» **Activity**:
Repeat the following data exactly, omitting pictures.

» **Records drawn from a dataset**:

____________

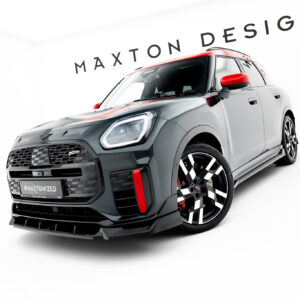 Maxton Design Передний спойлер Mini Countryman JCW U25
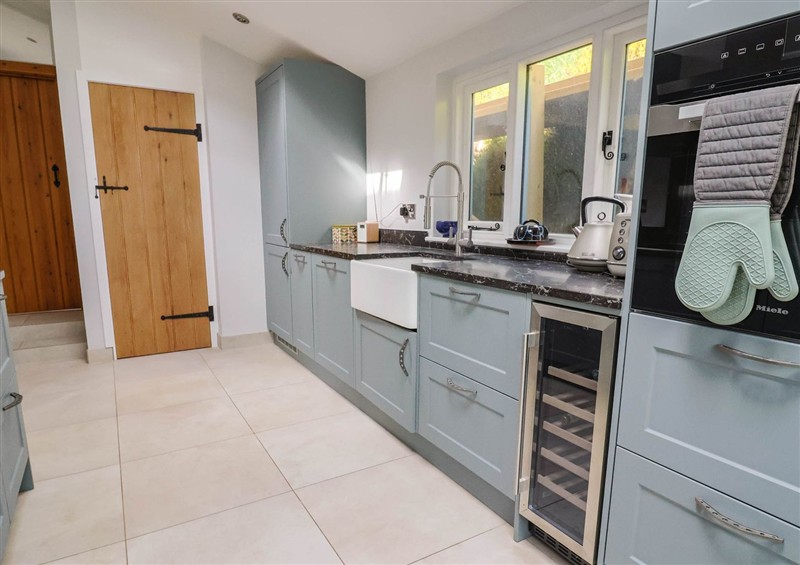 Kitchen (photo 2) at Upper Cottage, Rocombe near Uplyme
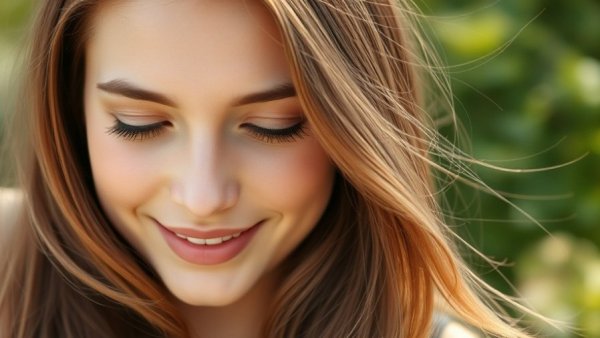 Katherine Schwarzenegger Pratt offers balance advice, smiling portrait.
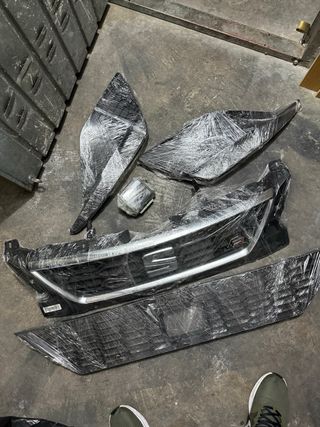 SEAT Leon 2019 despiece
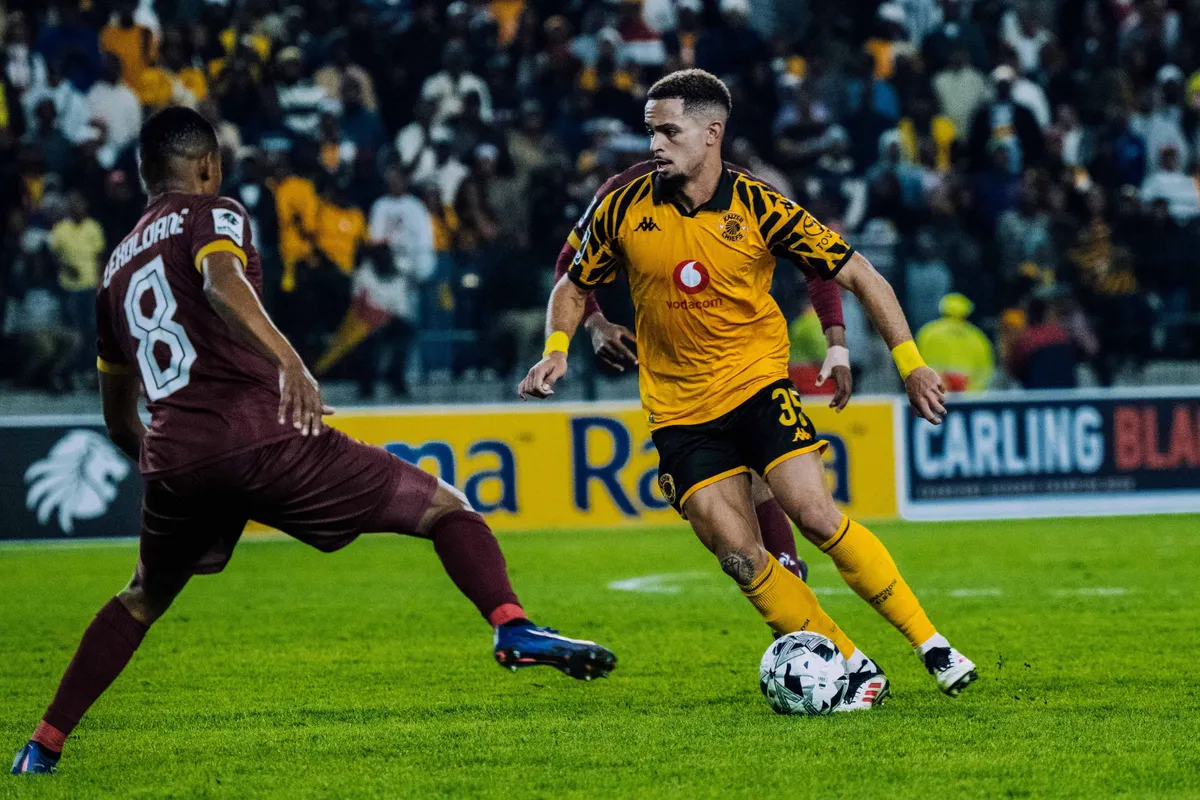 stellenbosch vs kaizer chiefs — ZA news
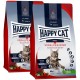 Happy Cat 70569 Culinary Adult Land Poultry Dry Cat Food for Adult Cats and Hangovers, 1.3 kg Content Happy Cat 70569 Culinary Adult Land Poultry Dry Cat Food for Adult Cats and Hangovers, 1.3 kg Content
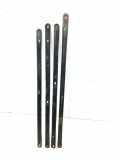 Mercedes SLK R170 Bodenstreben Set Kreuzstreben A1705240047 A1705240147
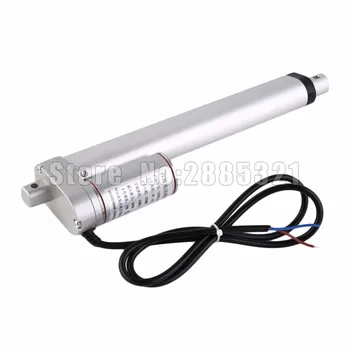Multi-function Linear Actuator Motor DC12V 200mm Stroke Heavy Duty 500N load mini electric linear actuator linear tubular motor
Multi-function Linear Actuator Motor DC12V 200mm Stroke Heavy Duty 500N load mini electric linear actuator linear tubular motor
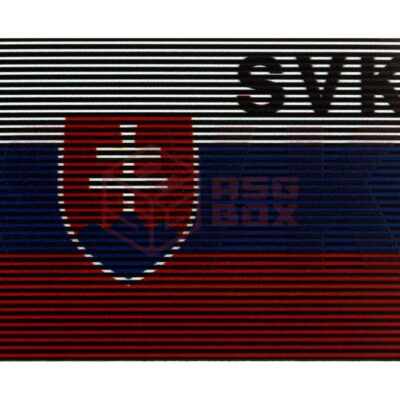 Clawgear Dual IR Patch SVK Multicolor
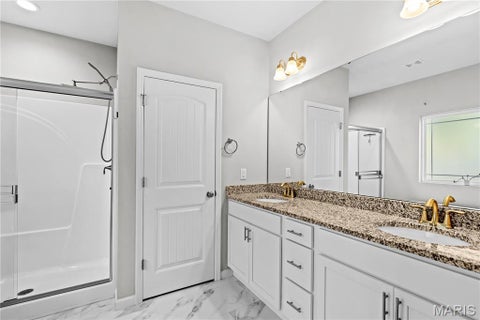 Tiny photo for 415 Knothole Lane, Wentzville, MO 63385 (MLS # 26064630)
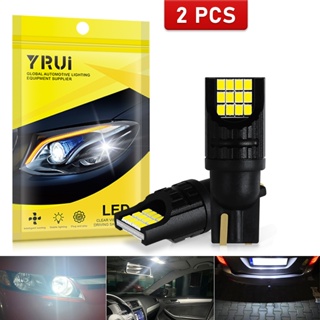 Oprah 10pcs Canbus T10 W5W LED Signal Bulbs 4014 26SMD Car Interior Dome  Reading Maps Trunk License Plate Wedge Side Light 6000K
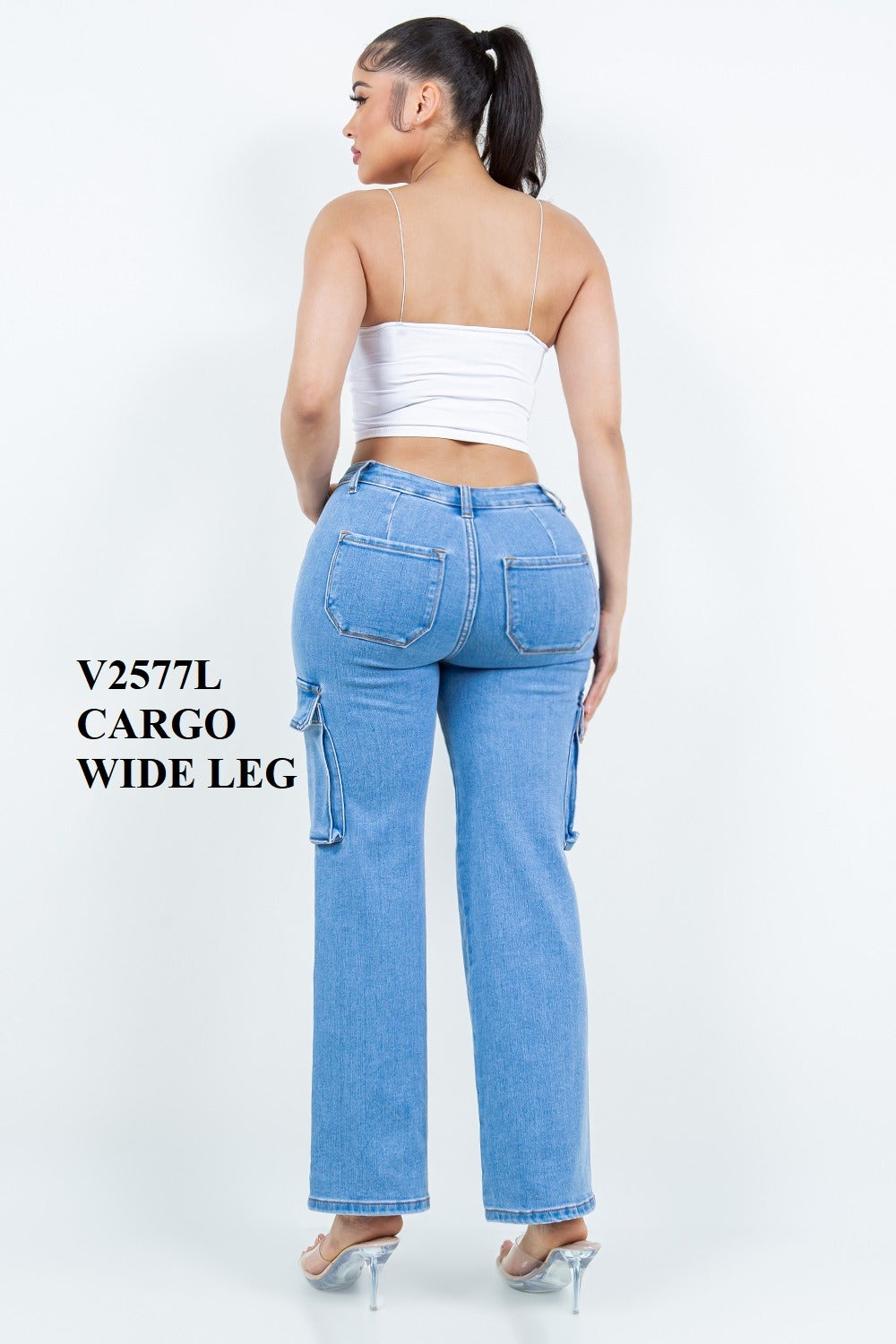 PANTALON JEAN ENCORE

____________

» **Answer to the exercise**:
 Maxton Design Передний спойлер Mini Countryman JCW U25
 Kitchen (photo 2) at Upper Cottage, Rocombe near Uplyme
 Katherine Schwarzenegger Pratt offers balance advice, smiling portrait.
 SEAT Leon 2019 despiece
 stellenbosch vs kaizer chiefs — ZA news
 Happy Cat 70569 Culinary Adult Land Poultry Dry Cat Food for Adult Cats and Hangovers, 1.3 kg Content Happy Cat 70569 Culinary Adult Land Poultry Dry Cat Food for Adult Cats and Hangovers, 1.3 kg Content
 Mercedes SLK R170 Bodenstreben Set Kreuzstreben A1705240047 A1705240147
Multi-function Linear Actuator Motor DC12V 200mm Stroke Heavy Duty 500N load mini electric linear actuator linear tubular motor
Multi-function Linear Actuator Motor DC12V 200mm Stroke Heavy Duty 500N load mini electric linear actuator linear tubular motor
 Clawgear Dual IR Patch SVK Multicolor
 Tiny photo for 415 Knothole Lane, Wentzville, MO 63385 (MLS # 26064630)
 Oprah 10pcs Canbus T10 W5W LED Signal Bulbs 4014 26SMD Car Interior Dome  Reading Maps Trunk License Plate Wedge Side Light 6000K
 PANTALON JEAN ENCORE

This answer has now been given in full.